Here is Luke “Mr. 80 Million” Mangan again …
“In our age group, we just did anything, worked anywhere to get where we wanted to go,’’ he told The Saturday Telegraph. “Today I get apprentices’ mums calling and saying about Little Johnny, ‘you’re working him 50 hours a week’.
“My mum and dad would drop me off at the train station and make darn sure I worked 50 hours a week — work that out.’’
… Such fond, faded and sepia-toned memories of simpler times, when a man knew the value of a penny, and children would race billy-carts made from orange crates up and down the back lanes of inner suburbia on weekends or after school, and a boy was taught to work hard, taught the meaning of hard work, harder than any boy had ever worked before, for they be a whuppin’ in the offing he don’t, a hard-scrabble, scratching and scraping life, but the kids today …
They expect, that if you are going to ask them to work for 50 hours a week, you will fucking well pay them for it, and if you are not prepared to do that, then do the FUCKING WORK YOURSELF.
They expect, that if you are going to ask them to work till 12.00pm on a Sunday evening, they will be appropriately recompensed for working such unsociable hours, the hours that keep them away from their partners or their children, away from their friends, the hours they will work simply because, and for no reason other, that they NEED THE FUCKING MONEY IN ORDER TO LIVE, and maybe you could throw in a CabCharge voucher as well so they can get home without being bashed or raped on the way by some lunatic cunt.
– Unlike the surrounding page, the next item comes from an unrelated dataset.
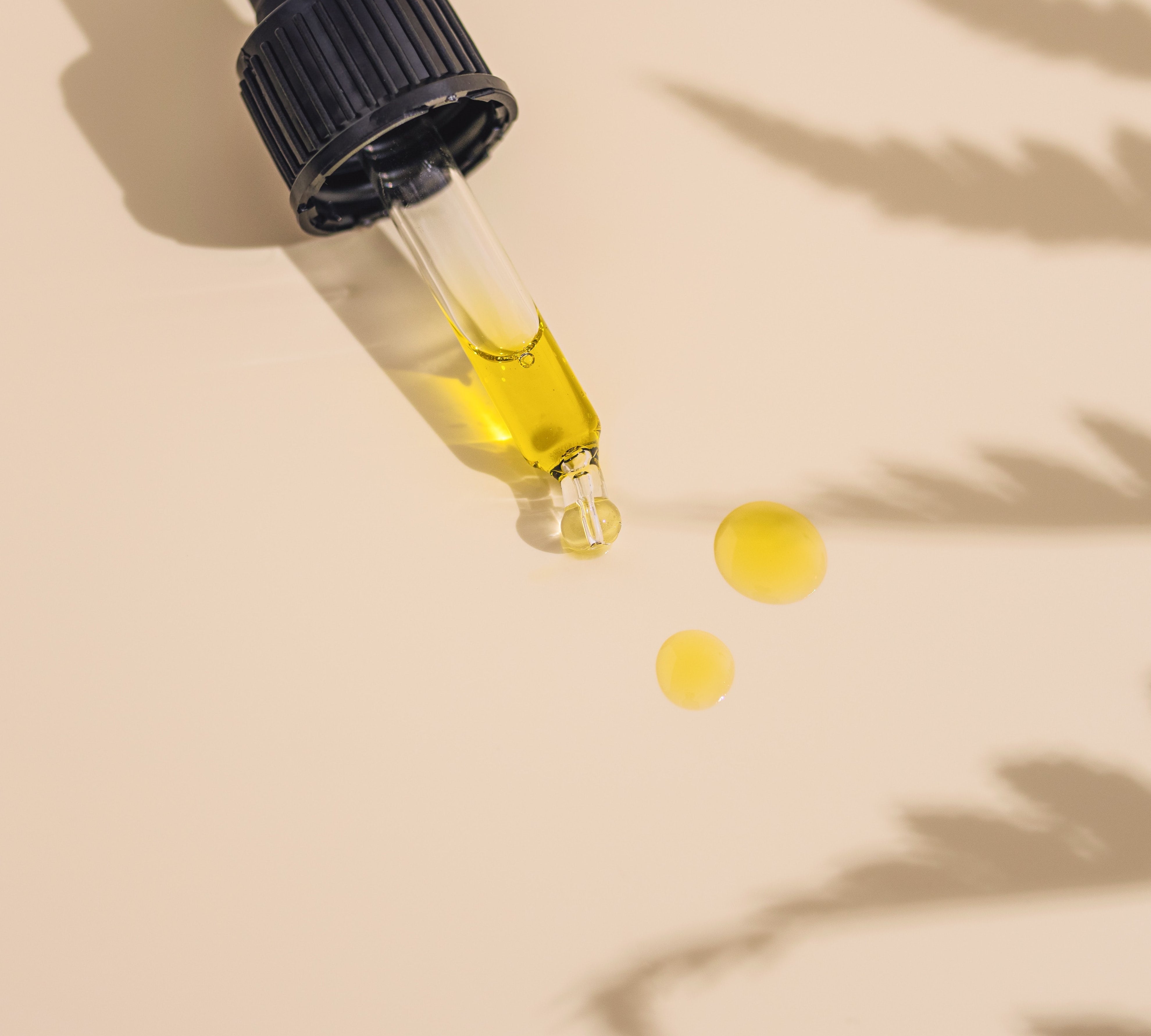 How to Simplify Your Skincare Routine and Discover the Benefits of “Less is More”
If you are going to start a business, you are expected to comply with certain rules and regulations, especially if you are employing other people, and if you did enter into your business unaware that it’s nature would require you to pay your employees penalty rates for irregular hours, then you are a wanking twat and your business deserves to fail. You knew the rules when you entered the game. You don’t enter the game and decide you need some new rules simply because the existing ones no longer suit your sucking greed.
I do not expect this campaign against penalty rates from the folk of “Chambers Across Australia” to resonate particularly well with the average member of the wage-earning public, but one can never be too sure how such things may pan out given we have a federal government who seem pathologically obsessed in doing anything and everything within their power to fuck with people’s lives, whether it be through health, education, welfare or work.
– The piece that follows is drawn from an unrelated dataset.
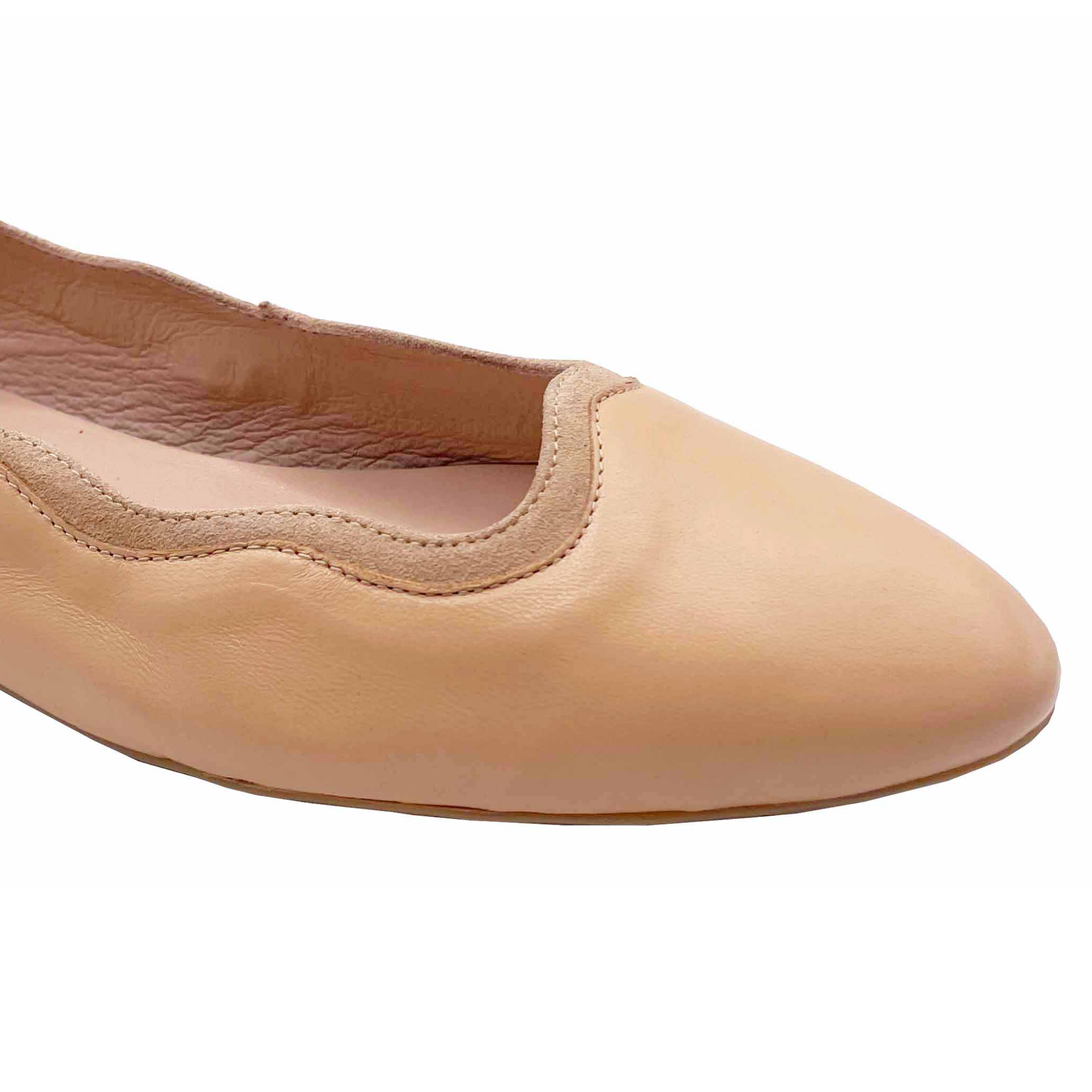 Gambler Beige Ballet Flat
A new underclass, they are the Morlocks, and we are the Eloi.
However … as the recently made redundant former Premier of Queensland, Campbell Newman did find out, in one very brief term of office, if, upon ascending to office, one of your first actions – in the name of fiscal purity – is to sack 40,000 public servants, you lose 40,000 votes.
If each of those 40,000 have one or more relatives, dependents or close friends negatively affected by this action, you lose double that, maybe 100,000, maybe more.
Do you really, seriously, want to fuck with the viability of so many other people’s livelihoods?
Be careful what you wish for, boys.
That night nurse may suddenly find herself all out of painkillers just when you need them most.